In this month’s letter Bishop Michael Burrows mentions two new appointments in the Diocese and also remembers five people who died recently
In the never-ending process of change in our diocese, I am pleased to have announced some new appointments recently. Canon Ruth Elmes is now Archdeacon Elmes, having added the role of archdeacon of Ossory and Leighlin to her other responsibilities. She joins Archdeacon Bob Gray in this task. Together the archdeacons, along with the diocesan office staff, carry great responsibilities in the administration and oversight of the diocese as a whole.
Archdeacons have a constant and close working relationship with the bishop – they need to read people and situations well, to be clear thinkers and at times to display the right blend of compassion and firmness. I have no doubt that Ruth will make a splendid archdeacon – she is greatly respected by her fellow clergy, brings extensive experience of life within and beyond the church to her task, and is a person of moral courage and independence of mind. I look forward greatly to working her, and valuing her infectious humour as well as her tremendous shrewdness.
I have appointed The Revd James Mulhall to be a canon of St Canice’s Cathedral … not only has James’s pastoral ministry been greatly valued in a variety of parish contexts; he also ministers with skill to the whole diocese through his work with Safeguarding Trust and also the resourcing of children’s ministry. We are all … not least myself … greatly in James’s debt and we should never take for granted the ready availability of his professional wisdom when we otherwise would not know where to turn.

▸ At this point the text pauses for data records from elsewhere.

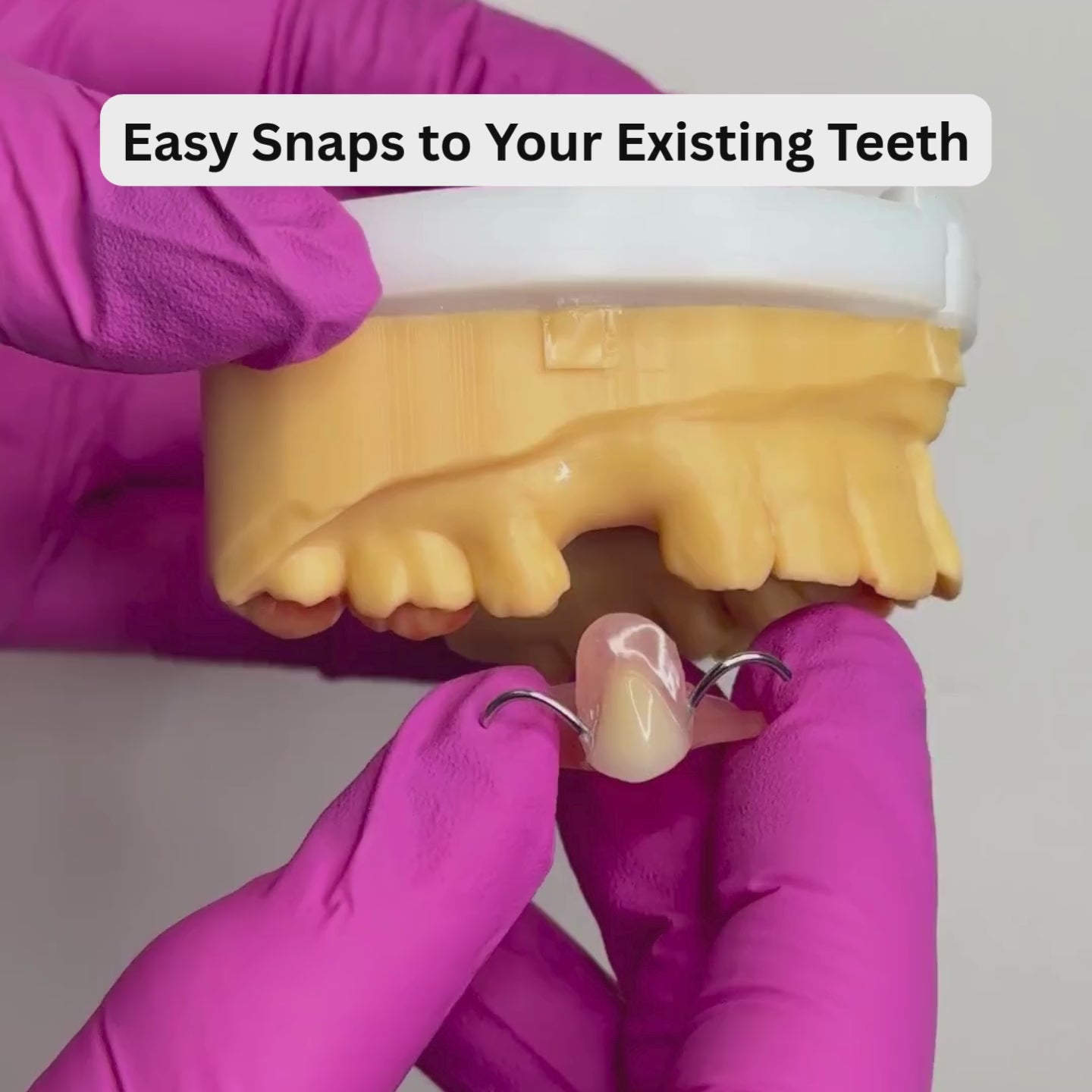 Acrylic flipper snaps easily to your existing teeth
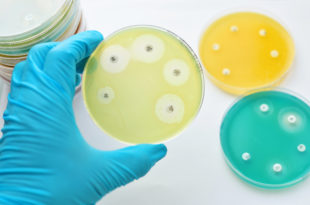 resistenza antibiotici piastre laboratorio batteri AdobeStock_105452319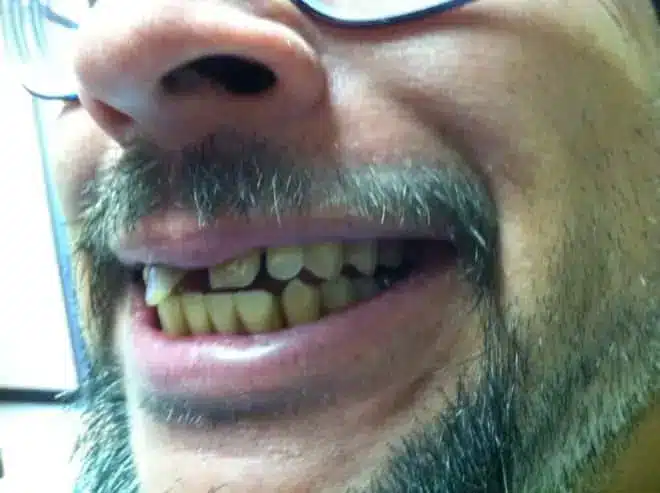 Extraction and temporary bridge before, at Mallard Creek Dental in Taylor, TX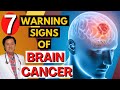 7 Warning Signs of Brain Can-cer- By Doc Willie Ong (Internist and Cardiologist)#1401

Remembering Canon Jack Black
But there has been sad news in our midst too. The recent sudden death of Canon Jack Black, sometime headmaster of Kilkenny College, has removed from us a great ‘doer’, someone who did not simply dream dreams but with incredible energy and negotiating skill turned them into actuality. His contribution to the physical growth and curricular development of Kilkenny College was quite remarkable, and he viewed such work truly as a facet of a ministry which yet never lost its focus on the needs of individuals. I have heard so many accounts of his skill, style and kindness … I often wish I had overlapped with him in Kilkenny as he left but a year before I arrived. The very stones of Kilkenny College almost seem to sing the praises of a great and highly effective leader.
Mr Don Brown
Another great servant of Kilkenny College and its programme of expansion was Mr Don Brown, sometime chair of the Board of Governors, who died in early summer. Don was also a person of both style and substance, hugely well-read, always committed to the pursuit of excellence at the College. When I arrived in the diocese in 2006 he generously agreed with me that the Chair of the Governors should be a lay person with appropriate time and skill, rather than the bishop who might not have the space to deal with the demanding complexities of modern educational administration. By liberating the bishop from the many administrative demands of the chair, Don and his two lay successors have contributed in their own right hugely and fruitfully to the strategic development of the college, and the bishop has been enabled to focus on a more pastoral relationship with the school community. I am deeply grateful to Don for precedents he set regarding future best practice in the governance of the college, and along with the whole community there I look forward to a special opportunity for the college and its friends to give thanks for his contribution. This will take the form of a Memorial Service in St Canice’s Cathedral at 1900 on Wednesday 14 November.
Mr Peter Dowd
Don Brown of course was not the only prominent lay leader in educational matters we lost during this past summer – another was Mr Peter Dowd of Lismore who not only chaired the Board of his local primary school in Lismore for many years but also looked after the needs and interests of this diocese in various central Church of Ireland concerned with primary school management. As someone with a business to run and extensive community involvement in Lismore itself he was also hugely generous with his time in the wider educational context.
Bishop Laurence Forristal
I mentioned earlier my arrival in the diocese in summer 2006. I shall never forget the prompt and warm welcome I received then from Bishop Laurence Forristal, at the time the ‘other’ bishop of Ossory. He became a special friend, often encouraging and guiding through well-timed phone calls. In recent years as his health declined, I would often seek solace in his company through visits to the nursing home in Gowran where he lived. The end of those visits, and the delightful combination of spirituality and shrewdness I experienced during them, leaves a true gap in my life and I offer my sympathy to all in the Roman Catholic diocese of Ossory in the context of a bereavement that for them rather ends an epoch.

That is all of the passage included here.